§ **What you have to do**: Transcribe the records below. Leave every word as it is.

[Caption-style text data]

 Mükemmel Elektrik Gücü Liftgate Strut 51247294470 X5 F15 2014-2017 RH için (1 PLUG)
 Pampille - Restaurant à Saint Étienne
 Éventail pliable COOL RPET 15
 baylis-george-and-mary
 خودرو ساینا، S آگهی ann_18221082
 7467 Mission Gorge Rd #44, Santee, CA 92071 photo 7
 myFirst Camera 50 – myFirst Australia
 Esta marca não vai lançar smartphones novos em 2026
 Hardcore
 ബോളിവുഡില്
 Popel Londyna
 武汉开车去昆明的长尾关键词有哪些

§ **Response**:
 Mükemmel Elektrik Gücü Liftgate Strut 51247294470 X5 F15 2014-2017 RH için (1 PLUG)
 Pampille - Restaurant à Saint Étienne
 Éventail pliable COOL RPET 15
 baylis-george-and-mary
 خودرو ساینا، S آگهی ann_18221082
 7467 Mission Gorge Rd #44, Santee, CA 92071 photo 7
 myFirst Camera 50 – myFirst Australia
 Esta marca não vai lançar smartphones novos em 2026
 Hardcore
 ബോളിവുഡില്
 Popel Londyna
 武汉开车去昆明的长尾关键词有哪些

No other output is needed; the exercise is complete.